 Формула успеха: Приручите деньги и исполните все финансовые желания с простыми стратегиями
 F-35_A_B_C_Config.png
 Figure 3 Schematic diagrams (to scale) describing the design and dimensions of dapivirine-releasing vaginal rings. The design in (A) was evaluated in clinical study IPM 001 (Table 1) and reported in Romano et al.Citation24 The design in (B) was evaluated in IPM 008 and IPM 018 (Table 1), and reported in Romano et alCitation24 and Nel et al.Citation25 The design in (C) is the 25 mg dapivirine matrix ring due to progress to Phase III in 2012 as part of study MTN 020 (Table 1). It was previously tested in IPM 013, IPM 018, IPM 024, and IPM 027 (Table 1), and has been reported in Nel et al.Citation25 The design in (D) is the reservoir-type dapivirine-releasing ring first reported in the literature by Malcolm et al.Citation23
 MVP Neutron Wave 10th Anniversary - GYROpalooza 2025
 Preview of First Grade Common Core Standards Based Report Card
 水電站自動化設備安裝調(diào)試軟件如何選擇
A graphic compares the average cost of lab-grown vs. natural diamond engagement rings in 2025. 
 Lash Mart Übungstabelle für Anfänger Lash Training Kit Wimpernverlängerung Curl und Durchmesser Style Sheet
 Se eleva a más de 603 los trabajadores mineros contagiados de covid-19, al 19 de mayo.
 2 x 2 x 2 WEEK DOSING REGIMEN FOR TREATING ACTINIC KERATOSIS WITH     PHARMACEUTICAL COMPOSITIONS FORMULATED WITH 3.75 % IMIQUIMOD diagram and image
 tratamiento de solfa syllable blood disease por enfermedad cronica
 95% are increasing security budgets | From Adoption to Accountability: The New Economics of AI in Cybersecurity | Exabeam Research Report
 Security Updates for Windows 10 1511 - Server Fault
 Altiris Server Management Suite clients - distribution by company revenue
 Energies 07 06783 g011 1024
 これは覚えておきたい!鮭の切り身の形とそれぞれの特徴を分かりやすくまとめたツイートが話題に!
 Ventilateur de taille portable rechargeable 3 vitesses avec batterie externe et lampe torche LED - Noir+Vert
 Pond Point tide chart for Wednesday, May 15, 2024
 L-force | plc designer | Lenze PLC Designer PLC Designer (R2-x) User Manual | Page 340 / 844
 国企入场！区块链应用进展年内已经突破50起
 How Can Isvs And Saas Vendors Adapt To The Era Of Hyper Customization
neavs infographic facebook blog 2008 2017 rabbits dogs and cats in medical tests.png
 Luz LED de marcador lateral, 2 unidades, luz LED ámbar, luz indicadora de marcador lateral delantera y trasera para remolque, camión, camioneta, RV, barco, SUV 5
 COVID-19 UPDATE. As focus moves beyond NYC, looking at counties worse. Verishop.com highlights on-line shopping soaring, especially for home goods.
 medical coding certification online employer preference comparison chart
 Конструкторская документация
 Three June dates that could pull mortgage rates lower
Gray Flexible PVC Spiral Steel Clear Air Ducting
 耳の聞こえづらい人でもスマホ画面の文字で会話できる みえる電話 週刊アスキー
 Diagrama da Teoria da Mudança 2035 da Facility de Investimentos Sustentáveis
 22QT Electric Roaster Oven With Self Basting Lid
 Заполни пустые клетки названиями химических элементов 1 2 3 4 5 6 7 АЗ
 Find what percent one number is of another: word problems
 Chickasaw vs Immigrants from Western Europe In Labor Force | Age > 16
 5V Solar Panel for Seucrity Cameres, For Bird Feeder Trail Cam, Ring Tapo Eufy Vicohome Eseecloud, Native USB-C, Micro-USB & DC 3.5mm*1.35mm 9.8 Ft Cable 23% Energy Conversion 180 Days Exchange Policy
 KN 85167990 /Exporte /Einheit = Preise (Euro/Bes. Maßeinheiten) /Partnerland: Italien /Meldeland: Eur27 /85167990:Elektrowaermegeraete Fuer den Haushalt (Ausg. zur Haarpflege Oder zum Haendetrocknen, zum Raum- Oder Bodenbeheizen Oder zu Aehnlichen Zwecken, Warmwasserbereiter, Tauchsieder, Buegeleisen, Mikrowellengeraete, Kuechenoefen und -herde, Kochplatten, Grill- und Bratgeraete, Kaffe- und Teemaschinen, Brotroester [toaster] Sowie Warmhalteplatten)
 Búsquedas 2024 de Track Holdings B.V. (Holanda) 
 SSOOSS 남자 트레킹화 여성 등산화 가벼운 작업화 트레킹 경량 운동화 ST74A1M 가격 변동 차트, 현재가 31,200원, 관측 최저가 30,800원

Your task
Write out the material above exactly, please, from its first line up to and including the line where "95% are increasing" appears, and stop there.

Finished exercise
 Формула успеха: Приручите деньги и исполните все финансовые желания с простыми стратегиями
 F-35_A_B_C_Config.png
 Figure 3 Schematic diagrams (to scale) describing the design and dimensions of dapivirine-releasing vaginal rings. The design in (A) was evaluated in clinical study IPM 001 (Table 1) and reported in Romano et al.Citation24 The design in (B) was evaluated in IPM 008 and IPM 018 (Table 1), and reported in Romano et alCitation24 and Nel et al.Citation25 The design in (C) is the 25 mg dapivirine matrix ring due to progress to Phase III in 2012 as part of study MTN 020 (Table 1). It was previously tested in IPM 013, IPM 018, IPM 024, and IPM 027 (Table 1), and has been reported in Nel et al.Citation25 The design in (D) is the reservoir-type dapivirine-releasing ring first reported in the literature by Malcolm et al.Citation23
 MVP Neutron Wave 10th Anniversary - GYROpalooza 2025
 Preview of First Grade Common Core Standards Based Report Card
 水電站自動化設備安裝調(diào)試軟件如何選擇
A graphic compares the average cost of lab-grown vs. natural diamond engagement rings in 2025. 
 Lash Mart Übungstabelle für Anfänger Lash Training Kit Wimpernverlängerung Curl und Durchmesser Style Sheet
 Se eleva a más de 603 los trabajadores mineros contagiados de covid-19, al 19 de mayo.
 2 x 2 x 2 WEEK DOSING REGIMEN FOR TREATING ACTINIC KERATOSIS WITH     PHARMACEUTICAL COMPOSITIONS FORMULATED WITH 3.75 % IMIQUIMOD diagram and image
 tratamiento de solfa syllable blood disease por enfermedad cronica
 95% are increasing security budgets | From Adoption to Accountability: The New Economics of AI in Cybersecurity | Exabeam Research Report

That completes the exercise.